Kialo (web), Flipgrid, CRISPR explanatory videos (Kurzgesagt).

Formative Evaluation

Correctly labeled DNA model.
Punnett square worksheet.
Debate participation rubric (based on arguments and evidence).

Integration of Ethical Values

Ethics and Responsibility: Discuss the phrase «Just because we *can*, does that mean we *should*?»
Equity: Who will have access to these expensive medical technologies and will it increase the social gap?

STEM Disciplines and Skills

Science: Biology (animal/plant adaptations), astrobiology (habitable zone).
Technology: Research (AskNature.org), 3D modeling (Tinkercad).
Engineering: Reverse design process, prototyping of biomimetic solutions.
Mathematics: Geometry (shapes in nature, e.g. hexagons in honeycombs), golden ratio (concept).

Systemic Thinking: How does nature solve energy, water and material problems without waste?
Creativity: Apply a biological solution to a human problem.

Hands-on activities

Biomimetics Inventory: Research (e.g., AskNature.org) and present 3 examples of how humans have copied nature (e.g., Velcro, bullet train, sharkskin bathing suits).
Biomimetic Design Challenge: In groups, choose a problem (e.g., «collect water from fog,» «keep a building cool without A/C») and design an organism-inspired prototype.
Design of a «Habitable Exoplanet»: Based on the «Golden Zone» concept, design a planet (distance to the star, atmosphere, water) that could harbor life.

Hybrid/Remote Adaptation (Biomimetic Design): Students create their prototype in Tinkercad (digital) or as a detailed engineering drawing, and present it in a video pitch.

AskNature.org, Tinkercad, NASA Exoplanet Exploration (web).

Formative Evaluation

Presentation of biomimetics research.
Prototype or blueprint of the design challenge (rubric).
Poster of the «Habitable Exoplanet» (justifying their decisions).

Integration of Ethical Values

Sustainability: Recognize that nature has 3.8 billion years of R&D in sustainability.
Perspective: To value the fragility and uniqueness of life on Earth.

STEM Disciplines and Skills

Science: Market research (surveys, data analysis).
Technology: App (Figma) or product (Tinkercad) prototyping, digital marketing (Canva).
Engineering: Product design process (Lean Canvas), MVP (Minimum Viable Product).
Mathematics: Budget (fixed/variable costs), revenue projection, product pricing.

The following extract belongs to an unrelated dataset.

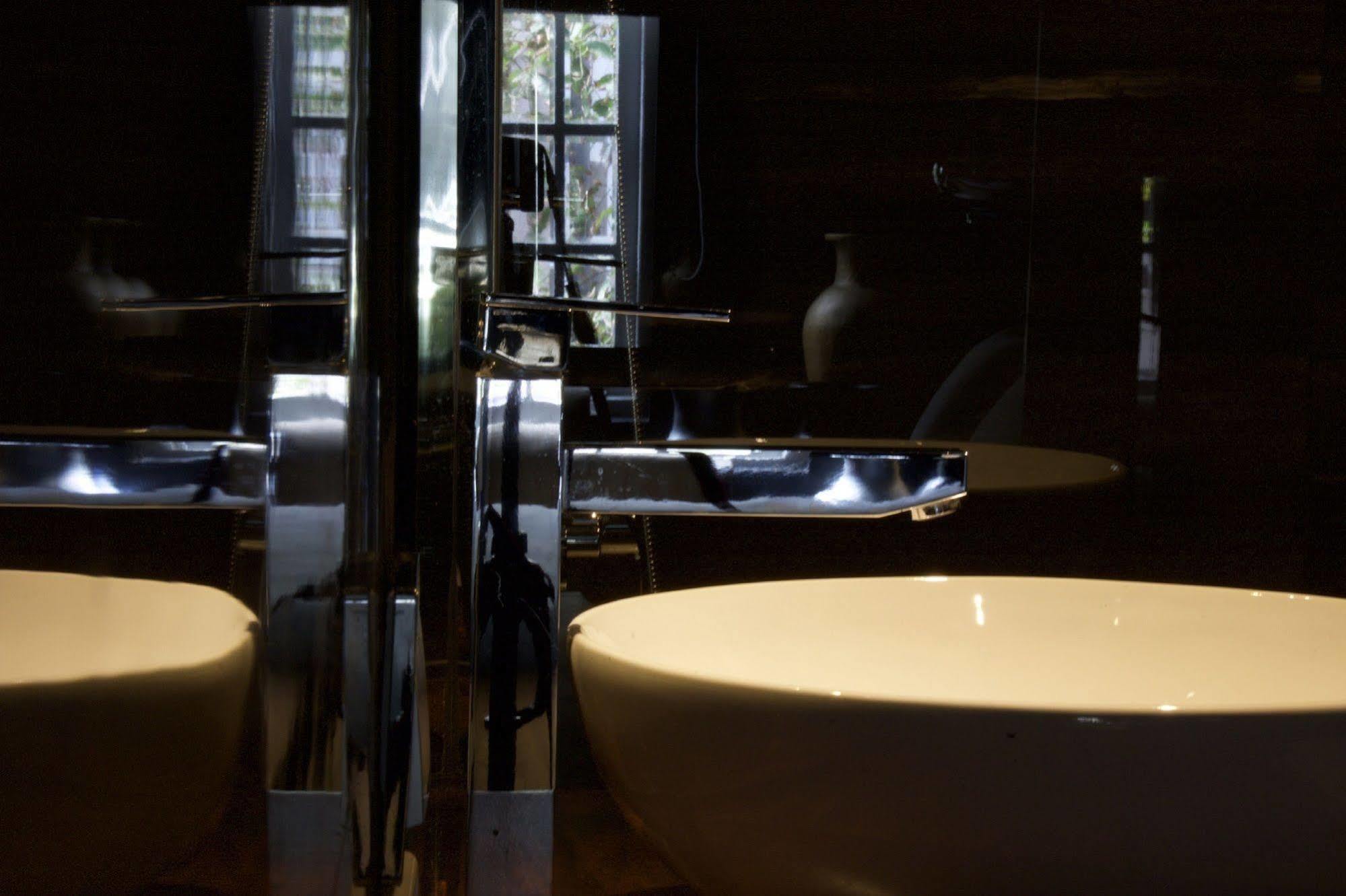 Raha Bed & Breakfast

Critical Thinking: Is my solution desirable (by the user), feasible (technologically) and viable (financially)?
Planning: Create a one-page business plan (Lean Canvas).

Hands-on activities

Ideation of Social Entrepreneurship: Identify a social or environmental problem (local or global) and propose a STEM-based solution (e.g., app that reduces food waste, low-cost device for charging phones).
Minimum Viable Product (MVP) prototype: Create a rapid prototype (in Figma/Canva for apps, or cardboard for products) to test the core idea.
Social «Shark Tank» event: Prepare a 3-minute pitch (problem, solution, market, costs) and present it to a panel of «investors» (teachers, parents, community leaders).

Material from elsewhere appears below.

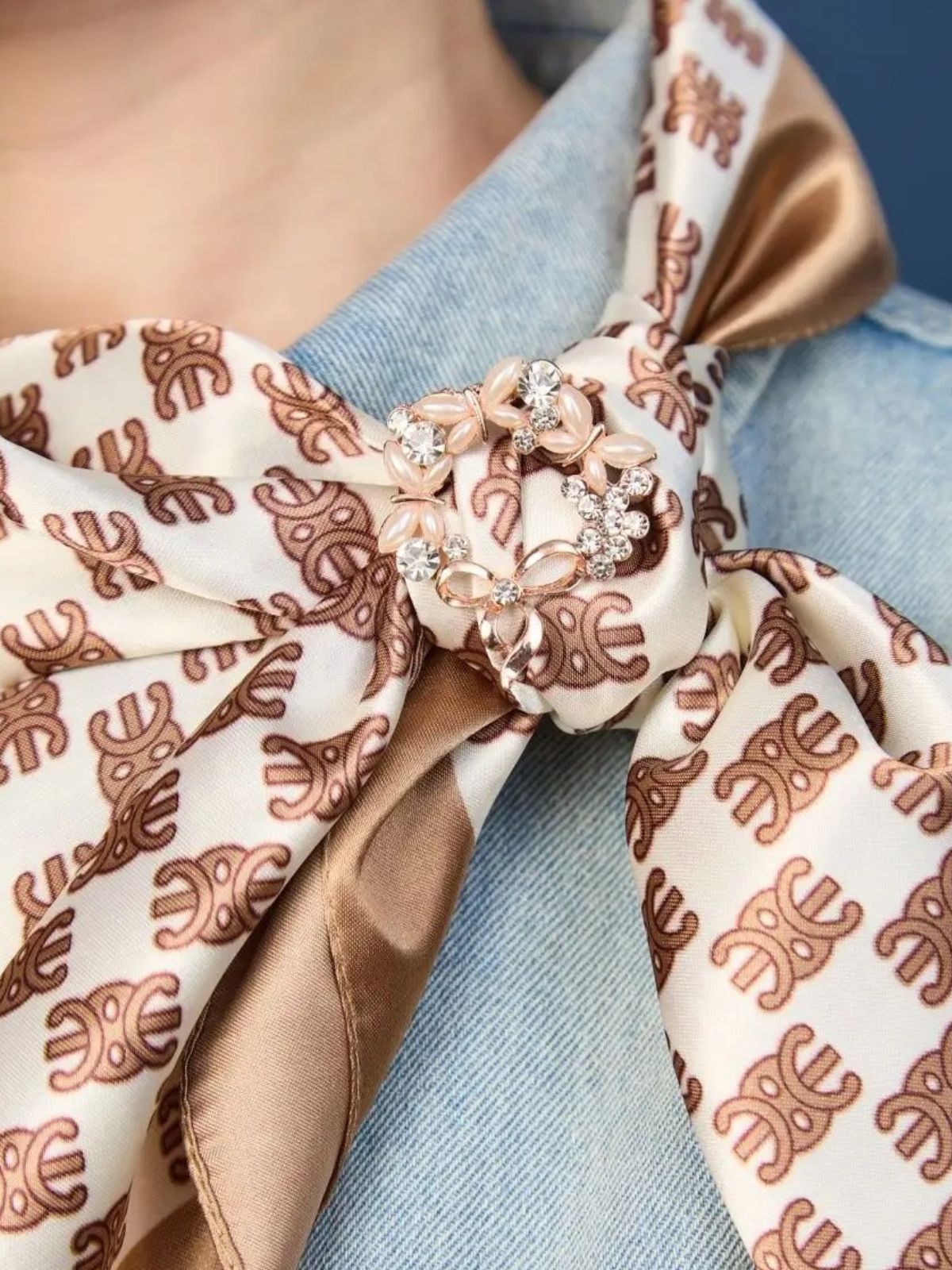 Foulard carré aspect soie artificielle, imprimé graphique, finition brillante, foulard cheveux, accessoire sac, style chic, modèle Elynda - Écharpe - Beige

Hybrid/Remote Adaptation (Video Pitch): Students collaborate on their Lean Canvas (Google Slides) and prototype (Figma). They record their 3-minute pitch and upload it. Investors« leave comments.

Figma, Canva, Google Slides, budget calculators.

Formative Evaluation

Lean Canvas completed (rubric).
MVP prototype quality.
Pitch rubric (clarity, persuasiveness, feasibility).

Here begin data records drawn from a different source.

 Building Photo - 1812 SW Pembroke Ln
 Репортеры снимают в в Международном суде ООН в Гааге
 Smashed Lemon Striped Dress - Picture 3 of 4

Integration of Ethical Values

Social Impact: Measure success not only in profit, but in «impact» (social or environmental).
Resilience: Accept feedback (even a «I'm not in») as an opportunity to iterate and improve.

STEM Disciplines and Skills

Science: Physics (laws of thermodynamics - concepts), heat transfer (conduction, convection, radiation).
Technology: Infrared thermometers, nuclear energy research (fission/fusion).
Engineering: Design of thermal insulation systems, construction of a calorimeter.
Mathematics: Calculation of temperature change (Delta T), measurement of calories (energy).

Critical Thinking: Why is nuclear energy so powerful but so controversial? Is «cold» a thing (absence of heat)?.
Collaboration: Debate on the future of the energy matrix.

Hands-on activities

Thermal Container Challenge: In groups, use limited materials (e.g., cups, cotton, aluminum foil) to design a container that will keep an ice cube from melting for as long as possible.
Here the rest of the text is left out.